What can I imagine will be coming up? I can imagine that both the United Kingdom and the European Union will be focused on advancing shared interests in defence and security. We would very much welcome for there to be a joint statement on co-operation in that area.
I note that, overnight, the European Union has announced a very significant defence package, which is not open to the United Kingdom defence sector. That might change, were there to be a co-operation agreement between the UK and the EU. That is strong encouragement for that to happen. I think that there is goodwill on all sides to make progress in that area.
For the Scottish Government’s part—I think that you have heard me make this point before—we have, for the longest time, advanced the need for what I call a food, drink and agriculture agreement. The terminology is important, because people might understand what that is as opposed to a “sanitary and phytosanitary agreement”.
For those of us who have been speaking with our food and drink sector and our rural stakeholders, it seems that the general view is that it is very important that we should have such an agreement. We have been impressing that view on the UK Government and sharing it with European Union interlocutors.

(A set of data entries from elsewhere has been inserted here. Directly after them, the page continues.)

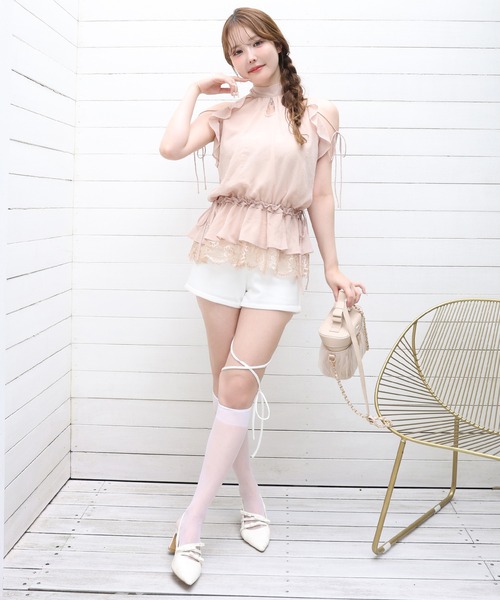 新品】フランシュリッペ☆透け感！首元＆裾レース付き！シャツプル 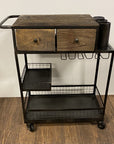 Rolling Rustic Black And Natural Bar Cart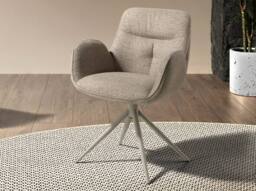 Angel Cerda Swivel Dining Chair in Fabric in Beige - thumbnail 3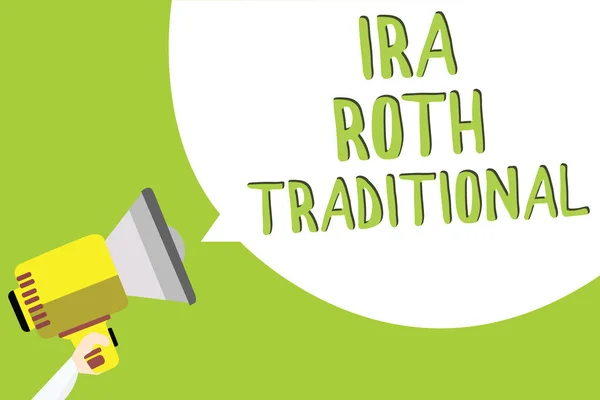 Tekst teken weergegeven: Ira Roth traditionele. Conceptuele foto zijn fiscaal aftrekbaar op zowel staat als federale Multiline tekstbericht idee brengen verslag geluid luidspreker aankondiging. — Stockfoto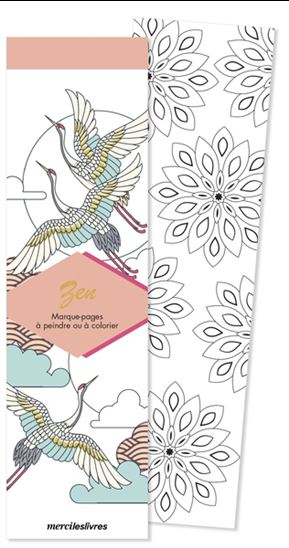 Zen : marque-pages à peindre ou à colorier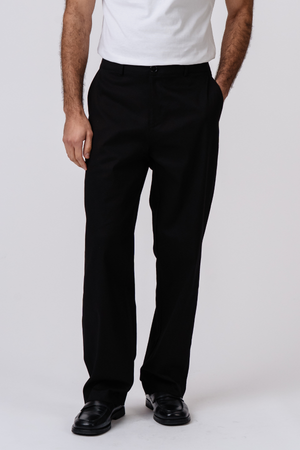 Chino droit en coton - Noir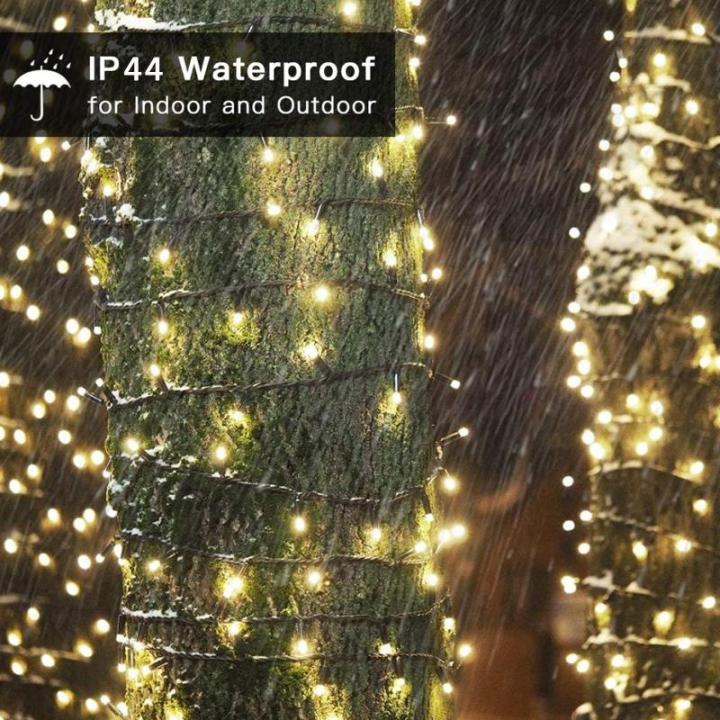 Kerstboomverlichting Warm Wit, 20M 200 LED Lichtsnoer, Waterdicht Lichtketting, Kerstlichtsnoer, voor en buiten, 8 verlichtingsmodi, Timerfuncties, Decoratie Kerstmis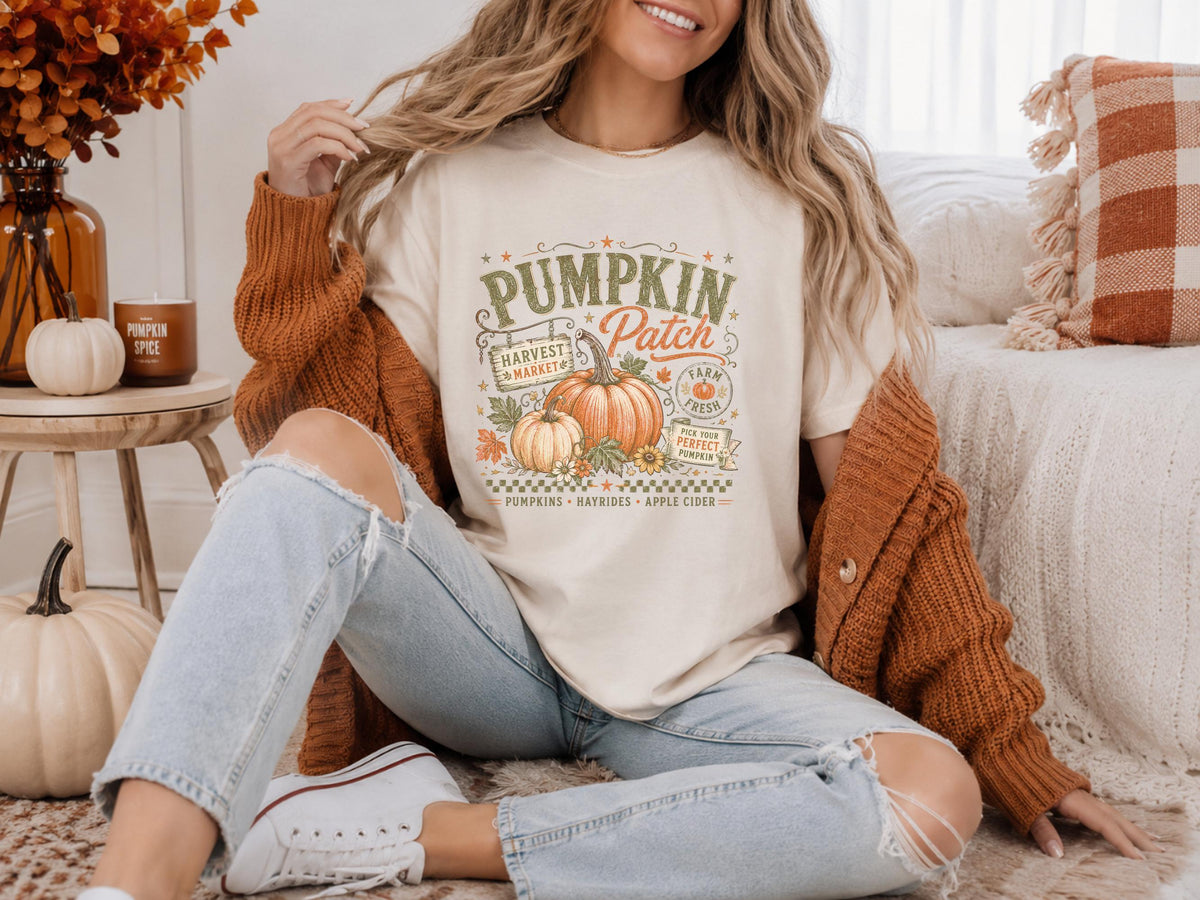 Pumpkin Patch Sweatshirt, Fall Farm Shirt, Harvest Market Crewneck, Hayride and Apple Cider Autumn Clothing, Cozy Seasonal Gift Idea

There are other areas of common interest to the UK and the European Union: greater co-operation on energy and on law enforcement; addressing irregular migration; and perhaps having something like the pan-Euro-Mediterranean convention for example. All those things might feature. Both sides have particular issues that might well be raised as part of the process. There is an expectation that the European Union is very keen to make progress on youth mobility, and we would share its interests in that. We will no doubt come back to that. There is also an expectation that fishing issues will be discussed, although there are no details about what that might involve. We very much hope that the UK Government will push for business mobility and mobility for touring artists.
We expect negotiations after the forthcoming summit to continue over the summer. We are not aware of discussions between the parties as yet on the timing of the next TCA Partnership Council or on the spring round of specialised committees. I think that we are at the cusp of making progress. We have been making our priorities clear, and no doubt we can go into that in detail.
In fairness to my opposite number in the UK Government, Nick Thomas-Symonds has been impressing on me and colleagues in Wales and Northern Ireland that the UK Government wants to take the priorities of devolved Administrations seriously. We are taking that at face value, and we very much hope that progress can be made on those matters as well as on the other areas that will be discussed.
Constitution, Europe, External Affairs and Culture Committee
Meeting date: 20 March 2025
Angus Robertson
No, there is not a co-decision mechanism in the United Kingdom. Sadly, that is not how the devolution settlement works. That, of course, was the advantage of the European Union. As a member state of the EU, we were formally part of a co-decision process, which also involved directly elected parliamentarians. We do not have that. We have an assurance that the UK Government will listen to the priorities of the Scottish and Welsh Governments and the Northern Ireland Executive, and that that will inform the UK’s negotiating position, but there is no formal mechanism whatsoever for decisions to be made jointly.